Magd_nuh · 6 April 2023 19:47

after i update to 23 versoion latest on centos 7 the cpu gets high in the ./validate command line no errors appearing in the gui validate web FAIL: No composer available, please install composer
error is there any help to reduce this poller long time becouse i get many graphs disconnect my poller-wraper set to 24 my cpu is 20 core 45G ram my devices is 1800 my cpuy 100%

electrocret · 6 April 2023 20:53

If you’re running the daily update channel (Global Settings > System > Updates > Update Channel), there was a recent bug fix (PR#14894) which fixes Libre not respecting max_oid in SNMP queries. Since that fix was applied, I’ve noticed more CPU usage on my pollers (However shorter poller time per device). On a system which is already very busy, like yours, Libre’s loss of performance of breaking up SNMP queries could be very detrimental.

The easy solution would be to increase the max_oid setting (Global Settings > Poller > SNMP > Max OIDs).

The better solution would be to investigate distributed polling for your Libre.

Magd_nuh · 6 April 2023 22:27

whats the recommended limits for MAX OID SNMP to use it thanks

electrocret · 8 April 2023 01:29

High enough that your Libre CPU returns to normal?

Libre hasn’t been limited on OIDs until the bug was fixed. So if you haven’t had issues polling devices until now you shouldn’t have an issue setting it to a high number. The OID limit is largely for lower end equipment, or devices where Libre gets a lot of data points. It’s to prevent overwhelming the device.

If I were in your position, I’d incrementing by 10, wait half and hour.

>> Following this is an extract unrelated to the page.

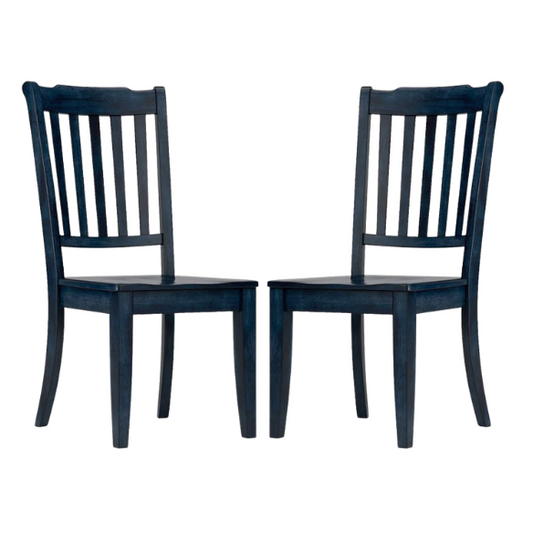 Slat-Back Solid Wood Dining Chairs – Set of 2 Farmhouse Kitchen or Dining Room Chairs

If the CPU hasn’t gotten better repeat till it does.

If you’re not concerned about overwhelming your equipment, just set the max_oid to a very high value.

Magd_nuh · 8 April 2023 02:27

Thanks alot i did restore to old version of Librenms before update 21 version everthing back to normal i use it to monitor my client devices so i couldnt make it down for long time , there was so many cuts and alot of graph drops so i decide to back old version now polling 1600 device with 480 second polling time , when i make update it was 900 to 1100
thanks for your help

joeschmo · 10 April 2023 14:20

To clarify I think this is regarding changes between 23.2.0 → 23.4.0.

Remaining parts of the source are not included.